Freshfields is now taking recording equipment to client premises. Within 30 minutes of the close of the presentations it is handing over copies to clients.
However, innovative use of technology is not just about increasing communication and reducing costs. It can be used to build closer client relationships, as well as to showcase the firm’s expertise in order to attract new clients. In particular, it allows applications to be easily customised for each client and content to be constantly updated at low cost.
"The key points which make it a market leader are customisation and online management," comments an Altis user. "It makes it easy to use for the non-legal mind."
Addleshaw Goddard’s Employment Channel was the top-rated innovation. It is a television channel that provides clients with a highly flexible, efficient and cost-effective tool to train staff in employment matters and keep them informed of the latest developments.
The TV channel harnesses existing legal knowledge to add value by streamlining processes and increasing efficiency, client service and value for money.
It has provided a key differentiator, raising the firm’s profile with clients and prospects, helping it to both retain current clients and win new ones. "It is hugely cost effective and leaves no excuse for line managers to be ‘out of the loop’ with the latest employment news," a client comments.
Indeed, the indications are that these applications can be inexpensive and can generate their own revenue streams to supplement existing billings.
Clifford Chance spent less than Pounds 20,000 developing its commended video-based e-learning tool. It cost Eversheds Pounds 30,000 to develop [email protected], its highly-commended workplace regulation application, which brought in nearly Pounds 100,000 to the business in its first few months.
Eversheds’ stand-out Competition Law Online Toolkit has brought in more than Pounds 1m of fees to the business in two years. It is also deepening client relationships. "We intend to consider adoption of other Eversheds human resources-related tools as they are developed," says Phil Bowden, human resources development director at Connaught, the facilities management group.
Similarly, a user of the Employment Channel says: "I can’t see how we would ever not want to use it, ever again."
Baker & McKenzie believes that, while others may fear that electronic services could cannibalise their existing practice, its highly-commended Private Banking Helpdesk is complementary. "Clients benefit by paying less for the legal information and training," it says. "They now turn to us for important and strategic legal advice, benefiting lawyers in our private banking practice.

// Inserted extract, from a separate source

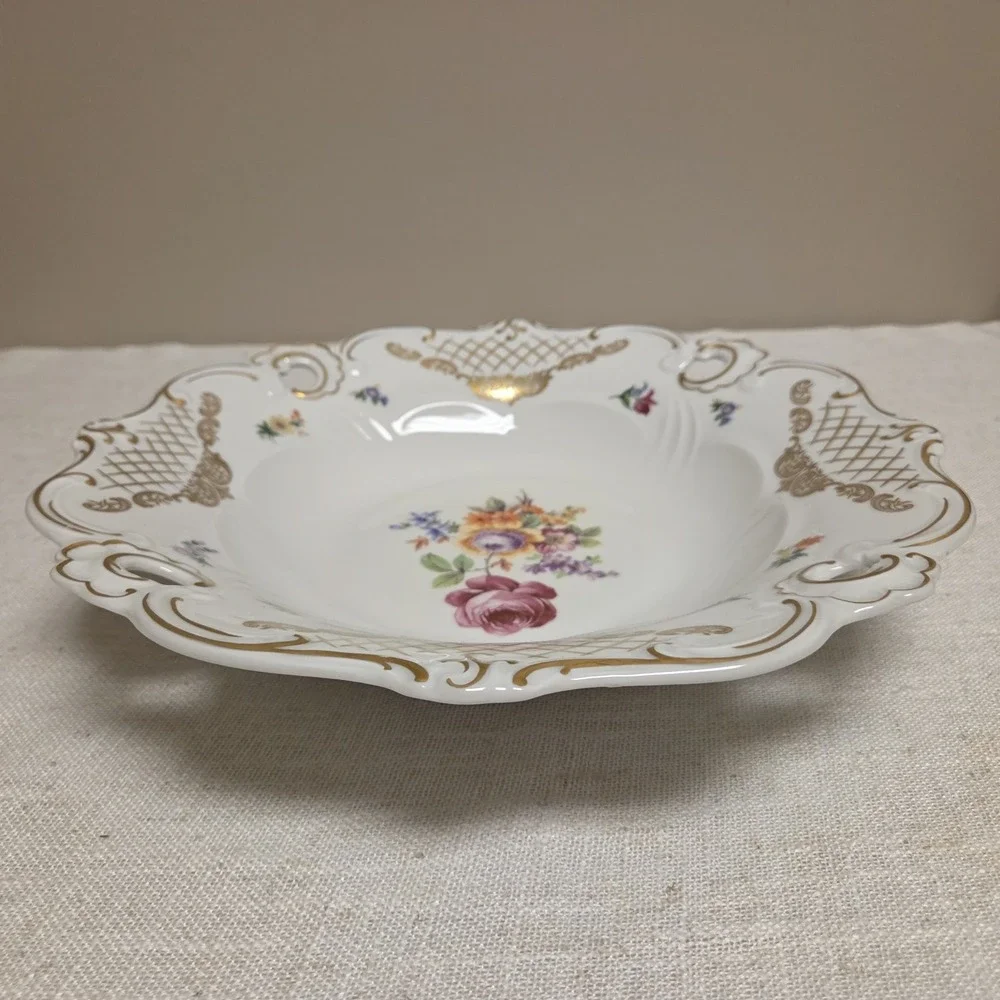 Weimar Porzellan GDR Dish/Bowl‎ with Gold Accents, Glossy Finish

Lawyer numbers have more than trebled in the three years since its launch."
Dickinson Dees has a similar experience with Ownership, its commended Home Information Pack application. Marketing the website has led to a doubling of volumes in its mainstream conveyancing business.

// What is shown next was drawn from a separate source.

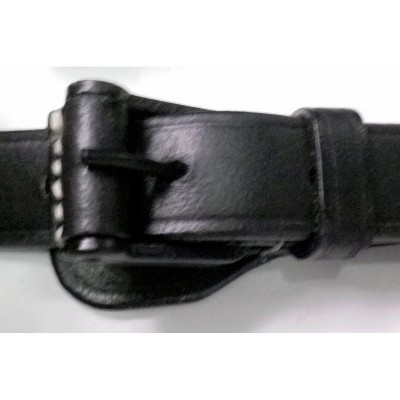 cinto preto de couro com fivela preta e costura branca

It is not just choosing the right application that matters, but implementing it in a superior way that sets a firm out from the crowd. "The Private Banking Helpdesk is unique because it offers a consolidated view on international tax and legal issues," says a client. "It is incomparable to any other firms I have used."
An independent commentator says that Wragge’s commended Client-Centric Dashboard is in tune with best practice and is the most sophisticated of its kind. "Whilst some US law firms have similar concepts, Wragge is very much at the fore in the UK," says the commentator.
A user of the Online Toolkit appreciates the time Eversheds devoted to making sure that it is clear, concise and understandable for non-lawyers. "It is a better way of delivering training than the old-style seminars," they say. Clients say the real value of the Toolkit is the innovative use of assessment to enable their firm to monitor and check understanding of the users.
"Internet-based technology reduces the time spent on the work required and thus the costs," concludes Lovells, "as well as increasing efficiency and reactivity. These are all essential in the modern world."